***** Dataset extract
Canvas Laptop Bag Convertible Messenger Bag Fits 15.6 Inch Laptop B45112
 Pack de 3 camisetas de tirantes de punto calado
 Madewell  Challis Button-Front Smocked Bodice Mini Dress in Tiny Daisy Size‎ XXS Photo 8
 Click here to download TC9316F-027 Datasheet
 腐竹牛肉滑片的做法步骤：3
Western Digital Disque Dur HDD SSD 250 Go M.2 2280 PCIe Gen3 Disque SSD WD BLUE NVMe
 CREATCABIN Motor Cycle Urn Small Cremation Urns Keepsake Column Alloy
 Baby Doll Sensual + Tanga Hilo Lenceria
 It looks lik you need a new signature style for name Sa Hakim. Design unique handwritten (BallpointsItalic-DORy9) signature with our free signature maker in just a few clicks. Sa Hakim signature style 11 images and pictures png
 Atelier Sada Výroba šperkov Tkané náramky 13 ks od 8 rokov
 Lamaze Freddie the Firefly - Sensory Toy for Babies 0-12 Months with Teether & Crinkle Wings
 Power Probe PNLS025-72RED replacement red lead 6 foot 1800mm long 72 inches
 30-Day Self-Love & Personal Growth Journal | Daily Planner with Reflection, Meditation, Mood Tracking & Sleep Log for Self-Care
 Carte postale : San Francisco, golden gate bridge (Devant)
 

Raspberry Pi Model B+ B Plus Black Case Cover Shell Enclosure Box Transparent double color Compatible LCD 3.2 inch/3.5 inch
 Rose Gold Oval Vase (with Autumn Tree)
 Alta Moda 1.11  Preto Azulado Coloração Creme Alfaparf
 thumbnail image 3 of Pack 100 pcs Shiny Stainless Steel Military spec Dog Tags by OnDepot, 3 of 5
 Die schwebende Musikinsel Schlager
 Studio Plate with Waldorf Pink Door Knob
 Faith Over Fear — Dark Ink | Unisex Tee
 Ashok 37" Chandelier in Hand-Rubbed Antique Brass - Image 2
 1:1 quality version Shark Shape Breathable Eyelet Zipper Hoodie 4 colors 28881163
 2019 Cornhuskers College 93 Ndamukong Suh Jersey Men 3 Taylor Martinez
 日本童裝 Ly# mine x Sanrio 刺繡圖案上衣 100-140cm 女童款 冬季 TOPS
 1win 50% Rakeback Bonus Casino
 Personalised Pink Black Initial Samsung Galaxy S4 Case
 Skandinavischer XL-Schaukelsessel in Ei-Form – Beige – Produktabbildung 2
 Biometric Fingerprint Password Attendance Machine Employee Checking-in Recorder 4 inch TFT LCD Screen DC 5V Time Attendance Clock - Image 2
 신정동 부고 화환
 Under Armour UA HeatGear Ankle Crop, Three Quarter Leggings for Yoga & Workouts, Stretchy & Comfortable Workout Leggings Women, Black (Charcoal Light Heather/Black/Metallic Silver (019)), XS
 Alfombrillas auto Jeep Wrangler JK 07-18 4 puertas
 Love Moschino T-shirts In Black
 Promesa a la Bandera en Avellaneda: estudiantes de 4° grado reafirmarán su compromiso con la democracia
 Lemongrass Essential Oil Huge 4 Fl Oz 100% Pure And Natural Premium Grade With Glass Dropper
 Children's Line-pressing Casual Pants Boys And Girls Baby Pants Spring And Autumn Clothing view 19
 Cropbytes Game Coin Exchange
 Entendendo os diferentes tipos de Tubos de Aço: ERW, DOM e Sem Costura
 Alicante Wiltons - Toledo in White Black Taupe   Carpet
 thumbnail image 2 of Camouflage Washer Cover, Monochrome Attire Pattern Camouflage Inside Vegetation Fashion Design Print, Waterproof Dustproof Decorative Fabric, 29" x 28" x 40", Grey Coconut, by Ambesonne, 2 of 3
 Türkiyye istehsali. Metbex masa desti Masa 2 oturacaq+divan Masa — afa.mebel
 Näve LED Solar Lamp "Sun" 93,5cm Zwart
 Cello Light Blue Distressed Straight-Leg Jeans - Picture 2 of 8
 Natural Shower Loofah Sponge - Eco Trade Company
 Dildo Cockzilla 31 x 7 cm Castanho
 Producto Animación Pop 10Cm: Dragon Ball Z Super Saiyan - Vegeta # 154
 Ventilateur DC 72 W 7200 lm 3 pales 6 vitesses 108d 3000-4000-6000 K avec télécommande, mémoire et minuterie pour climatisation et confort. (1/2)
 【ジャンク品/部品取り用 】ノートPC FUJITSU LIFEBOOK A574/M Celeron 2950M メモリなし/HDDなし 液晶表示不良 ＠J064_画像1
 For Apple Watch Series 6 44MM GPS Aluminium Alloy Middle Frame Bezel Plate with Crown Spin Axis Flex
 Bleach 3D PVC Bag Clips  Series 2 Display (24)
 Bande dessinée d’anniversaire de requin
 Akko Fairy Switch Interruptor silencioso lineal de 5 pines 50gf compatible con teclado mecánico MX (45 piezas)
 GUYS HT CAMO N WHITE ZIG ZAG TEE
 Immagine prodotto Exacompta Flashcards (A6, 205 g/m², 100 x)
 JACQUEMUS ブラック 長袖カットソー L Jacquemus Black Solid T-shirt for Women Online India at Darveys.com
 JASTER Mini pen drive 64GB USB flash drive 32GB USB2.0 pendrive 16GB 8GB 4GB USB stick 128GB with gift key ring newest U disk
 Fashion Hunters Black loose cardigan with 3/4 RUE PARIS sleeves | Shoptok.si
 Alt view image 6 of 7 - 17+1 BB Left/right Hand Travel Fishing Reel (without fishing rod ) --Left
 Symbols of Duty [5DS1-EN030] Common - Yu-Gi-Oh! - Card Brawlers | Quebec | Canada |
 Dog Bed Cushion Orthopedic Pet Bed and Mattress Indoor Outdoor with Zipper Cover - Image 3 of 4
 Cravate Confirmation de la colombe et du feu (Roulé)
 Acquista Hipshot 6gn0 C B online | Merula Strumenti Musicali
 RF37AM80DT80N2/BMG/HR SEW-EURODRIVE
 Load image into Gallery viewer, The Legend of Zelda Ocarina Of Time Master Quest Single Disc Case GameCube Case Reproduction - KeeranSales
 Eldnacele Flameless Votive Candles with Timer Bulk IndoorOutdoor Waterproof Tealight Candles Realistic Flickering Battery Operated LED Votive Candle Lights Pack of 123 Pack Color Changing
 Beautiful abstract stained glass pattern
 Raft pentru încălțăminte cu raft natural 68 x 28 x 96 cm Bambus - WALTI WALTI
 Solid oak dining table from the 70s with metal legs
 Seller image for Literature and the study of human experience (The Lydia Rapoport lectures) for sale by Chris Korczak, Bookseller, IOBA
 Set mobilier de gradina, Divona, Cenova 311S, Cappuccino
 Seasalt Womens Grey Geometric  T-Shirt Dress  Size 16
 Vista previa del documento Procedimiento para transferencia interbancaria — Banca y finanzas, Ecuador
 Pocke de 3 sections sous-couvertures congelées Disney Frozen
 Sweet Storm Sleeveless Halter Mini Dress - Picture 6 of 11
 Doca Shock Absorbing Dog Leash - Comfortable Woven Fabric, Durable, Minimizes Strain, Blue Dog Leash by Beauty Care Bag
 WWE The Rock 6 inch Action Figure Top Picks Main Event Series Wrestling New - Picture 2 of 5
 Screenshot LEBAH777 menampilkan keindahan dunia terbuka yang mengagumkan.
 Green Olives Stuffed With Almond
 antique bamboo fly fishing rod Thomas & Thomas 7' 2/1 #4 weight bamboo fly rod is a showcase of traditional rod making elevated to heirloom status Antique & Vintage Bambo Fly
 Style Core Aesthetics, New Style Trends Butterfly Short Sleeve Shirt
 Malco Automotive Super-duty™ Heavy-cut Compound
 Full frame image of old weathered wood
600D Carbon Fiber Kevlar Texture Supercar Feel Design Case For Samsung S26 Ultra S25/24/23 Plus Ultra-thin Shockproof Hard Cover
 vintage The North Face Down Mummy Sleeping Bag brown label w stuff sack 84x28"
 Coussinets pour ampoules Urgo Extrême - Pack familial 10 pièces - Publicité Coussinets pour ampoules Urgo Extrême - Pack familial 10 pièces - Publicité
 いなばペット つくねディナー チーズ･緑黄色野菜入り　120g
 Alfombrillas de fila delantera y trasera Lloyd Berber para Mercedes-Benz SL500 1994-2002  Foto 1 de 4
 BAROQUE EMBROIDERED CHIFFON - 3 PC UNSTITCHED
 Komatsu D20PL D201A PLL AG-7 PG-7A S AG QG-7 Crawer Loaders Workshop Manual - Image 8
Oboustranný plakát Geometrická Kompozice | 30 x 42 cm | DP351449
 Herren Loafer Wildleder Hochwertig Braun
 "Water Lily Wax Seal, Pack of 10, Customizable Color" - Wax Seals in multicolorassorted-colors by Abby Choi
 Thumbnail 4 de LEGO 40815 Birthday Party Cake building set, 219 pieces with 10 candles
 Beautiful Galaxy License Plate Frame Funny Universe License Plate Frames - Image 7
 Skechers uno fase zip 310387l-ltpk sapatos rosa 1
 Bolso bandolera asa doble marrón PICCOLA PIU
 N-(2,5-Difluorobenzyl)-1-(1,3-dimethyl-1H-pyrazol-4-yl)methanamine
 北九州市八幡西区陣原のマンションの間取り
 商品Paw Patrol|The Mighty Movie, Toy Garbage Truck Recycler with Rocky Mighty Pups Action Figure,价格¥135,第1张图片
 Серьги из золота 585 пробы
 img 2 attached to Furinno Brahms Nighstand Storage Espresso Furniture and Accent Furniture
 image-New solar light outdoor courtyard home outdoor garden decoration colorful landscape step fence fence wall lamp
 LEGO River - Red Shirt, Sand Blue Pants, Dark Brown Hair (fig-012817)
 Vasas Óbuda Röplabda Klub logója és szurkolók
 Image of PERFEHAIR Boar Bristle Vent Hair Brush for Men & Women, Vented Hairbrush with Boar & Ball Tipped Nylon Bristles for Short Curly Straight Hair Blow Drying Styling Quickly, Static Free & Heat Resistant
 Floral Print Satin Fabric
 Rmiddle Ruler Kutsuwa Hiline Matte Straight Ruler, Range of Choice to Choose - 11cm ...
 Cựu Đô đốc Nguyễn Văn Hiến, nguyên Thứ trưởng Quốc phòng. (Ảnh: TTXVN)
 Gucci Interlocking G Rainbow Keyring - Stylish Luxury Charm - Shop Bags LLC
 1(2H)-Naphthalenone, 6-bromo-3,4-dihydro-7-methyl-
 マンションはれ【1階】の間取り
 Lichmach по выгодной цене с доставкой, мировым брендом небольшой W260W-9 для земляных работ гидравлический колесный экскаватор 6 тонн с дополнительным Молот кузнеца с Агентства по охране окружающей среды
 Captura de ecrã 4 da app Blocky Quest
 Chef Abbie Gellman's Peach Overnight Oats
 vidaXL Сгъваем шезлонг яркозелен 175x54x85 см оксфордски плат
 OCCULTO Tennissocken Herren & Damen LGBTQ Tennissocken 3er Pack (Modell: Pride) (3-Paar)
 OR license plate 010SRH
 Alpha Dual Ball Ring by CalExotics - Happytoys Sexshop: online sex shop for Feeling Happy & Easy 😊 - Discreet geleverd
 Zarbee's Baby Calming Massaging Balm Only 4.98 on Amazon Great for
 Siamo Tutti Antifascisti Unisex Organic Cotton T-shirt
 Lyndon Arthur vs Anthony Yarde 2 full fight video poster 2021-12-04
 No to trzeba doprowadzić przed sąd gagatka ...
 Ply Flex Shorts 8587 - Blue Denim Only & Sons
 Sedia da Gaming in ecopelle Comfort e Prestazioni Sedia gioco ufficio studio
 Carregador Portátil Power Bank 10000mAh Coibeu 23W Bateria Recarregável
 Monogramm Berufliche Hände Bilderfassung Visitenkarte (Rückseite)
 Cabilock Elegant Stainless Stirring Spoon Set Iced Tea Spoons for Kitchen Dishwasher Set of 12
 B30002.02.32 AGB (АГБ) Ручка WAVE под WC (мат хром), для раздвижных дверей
**********
[Your instructions]: Please output exactly the lines between the one holding "Acquista Hipshot 6gn0" and the one holding "Green Olives Stuffed With Almond" in the records above, inclusive, and nothing more.

[Result]:
 Acquista Hipshot 6gn0 C B online | Merula Strumenti Musicali
 RF37AM80DT80N2/BMG/HR SEW-EURODRIVE
 Load image into Gallery viewer, The Legend of Zelda Ocarina Of Time Master Quest Single Disc Case GameCube Case Reproduction - KeeranSales
 Eldnacele Flameless Votive Candles with Timer Bulk IndoorOutdoor Waterproof Tealight Candles Realistic Flickering Battery Operated LED Votive Candle Lights Pack of 123 Pack Color Changing
 Beautiful abstract stained glass pattern
 Raft pentru încălțăminte cu raft natural 68 x 28 x 96 cm Bambus - WALTI WALTI
 Solid oak dining table from the 70s with metal legs
 Seller image for Literature and the study of human experience (The Lydia Rapoport lectures) for sale by Chris Korczak, Bookseller, IOBA
 Set mobilier de gradina, Divona, Cenova 311S, Cappuccino
 Seasalt Womens Grey Geometric  T-Shirt Dress  Size 16
 Vista previa del documento Procedimiento para transferencia interbancaria — Banca y finanzas, Ecuador
 Pocke de 3 sections sous-couvertures congelées Disney Frozen
 Sweet Storm Sleeveless Halter Mini Dress - Picture 6 of 11
 Doca Shock Absorbing Dog Leash - Comfortable Woven Fabric, Durable, Minimizes Strain, Blue Dog Leash by Beauty Care Bag
 WWE The Rock 6 inch Action Figure Top Picks Main Event Series Wrestling New - Picture 2 of 5
 Screenshot LEBAH777 menampilkan keindahan dunia terbuka yang mengagumkan.
 Green Olives Stuffed With Almond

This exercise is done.